Dynamic multipoint virtual private network (DMVPN)
A dynamic multipoint virtual private network (DMVPN) exchanges data between sites without needing to pass through an organization's headquarter VPN server or router. A DMVPN creates a mesh VPN service that runs on VPN routers and firewall concentrators. Each remote site has a router configured to connect to the company’s headquarters device (hub), providing access to the resources available. When two spokes are required to exchange data between each other -- for a VoIP telephone call, for example -- the spoke will contact the hub, obtain the needed information about the other end, and create a dynamic IPsec VPN tunnel directly between them.
VPN Reconnect is a feature of Windows 7 and Windows Server 2008 R2 that allows a virtual private network connection to remain open during a brief lapse of Internet service. Usually, when a computing device using a VPN connection drops its Internet connection, the end user has to manually reconnect. Reconnect keeps the tunnel open for a configurable amount of time. So, when Internet service is restored, the VPN connection is automatically restored as well. The feature was designed to improve usability for mobile employees.
Security limitations of a virtual private network explained
Any device that accesses an isolated network through a VPN presents a risk of bringing malware to that network environment. That is, unless there’s a requirement in the VPN connection process to assess the state of the connecting device. Without an inspection to determine whether the connecting device complies with an organization's security policies, attackers with stolen credentials can access network resources, including switches and routers.
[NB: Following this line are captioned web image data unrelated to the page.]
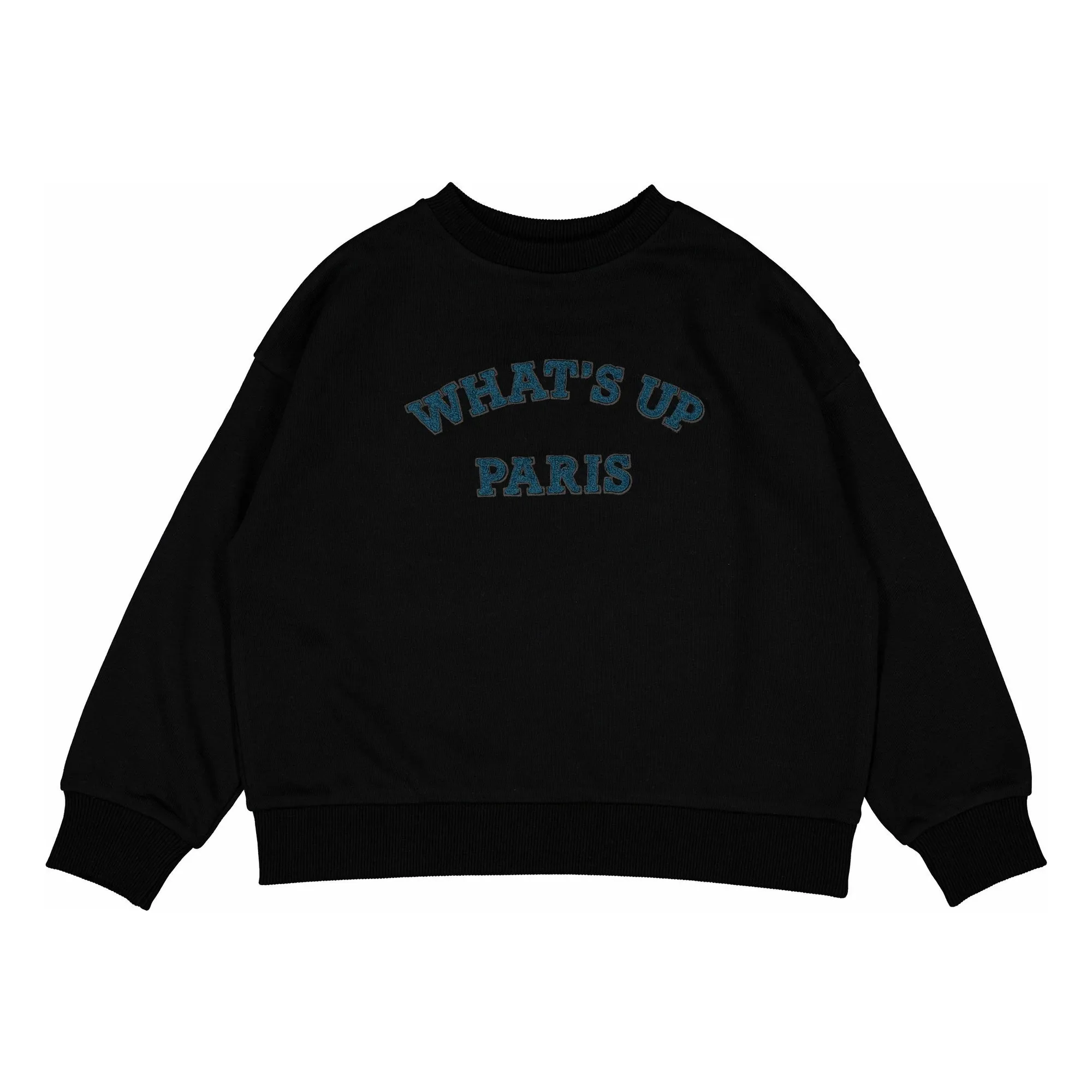 Louis Louise Black Mike Sweatshirt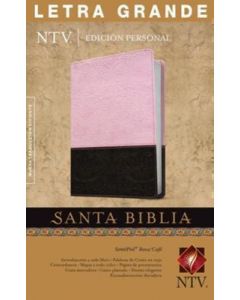 Biblia NTV Edición Personal Letra Grande Imitacion Piel Rosa Cafe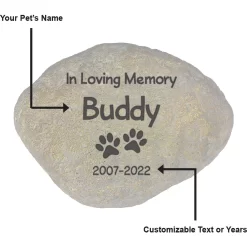 Frisco "In Loving Memory" Personalized Dog & Cat Memorial Garden Stone 8 Frisco "In Loving Memory" Personalized Dog & Cat Memorial Garden Stone -Frisco 287026 PT3. AC SS1800 V1645639616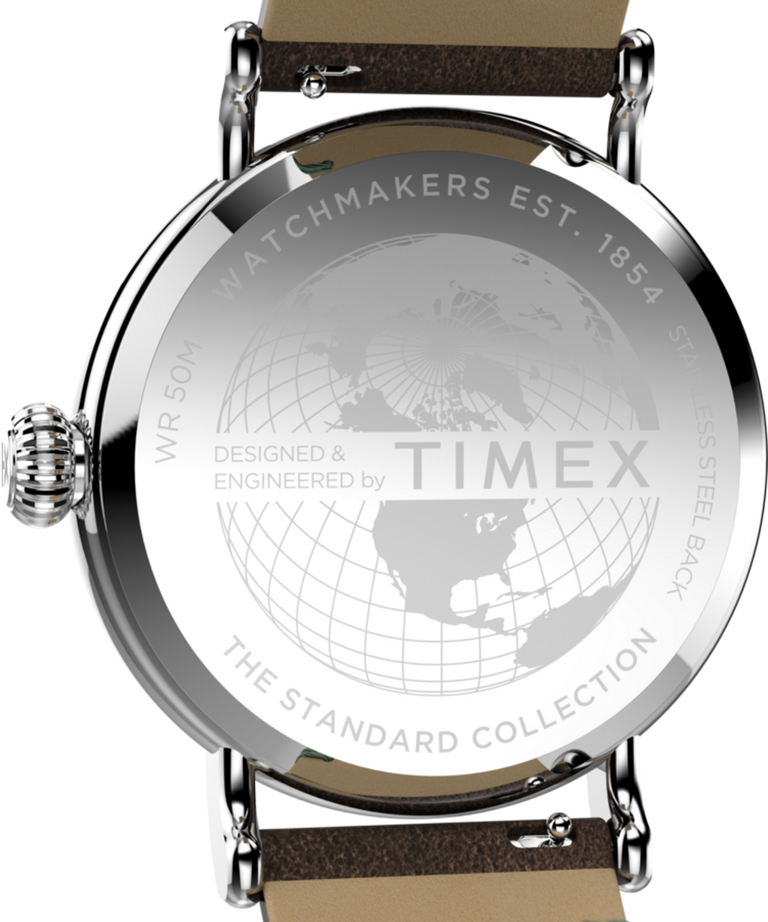 TW2V71200UK Timex Standard 40mm Eco-Friendly Leather Strap Watch caseback image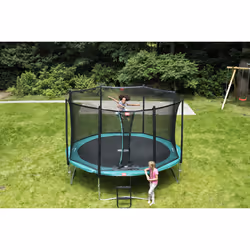BERG Favorit trampoline Regular 430 cm black + Safety Net Comfort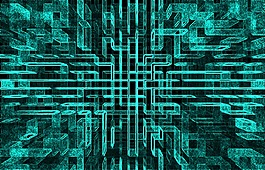 科技电路视图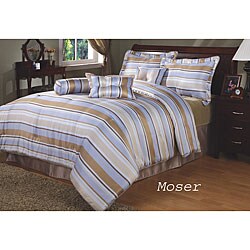 Moser 7-piece Striped Comforter Set
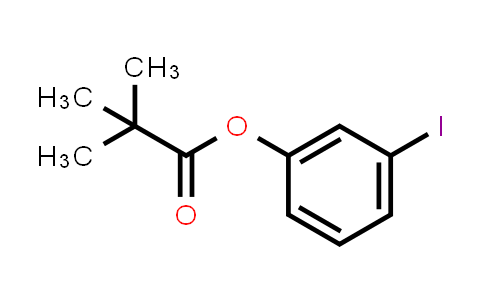 CAS No. 1204517-76-9, 3-Iodophenyl pivalate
Security experts recommend that network administrators consider adding software-defined perimeter (SDP) components to their VPN protection infrastructure in order to reduce potential attack surfaces. The addition of SDP programming gives medium and large organizations the ability to use a zero trust model for access to both on-premises and cloud network environments.
VPN Kill Switches
A kill switch is a last-resort security feature in some VPN products. If the VPN connection is disrupted, the kill switch will automatically disconnect the device from the internet. This way, there is no chance of IP address exposure.
There are two types of kill switches:
- Active kill switch protocols prevent devices from connecting to unsafe networks when the device is connected to the VPN. Apart from server disruptions, it is disabled when not connected to the VPN.
- Passive kill switch protocols are more secure. They keep the device from connecting to non-VPN connections even while disconnected from the VPN server.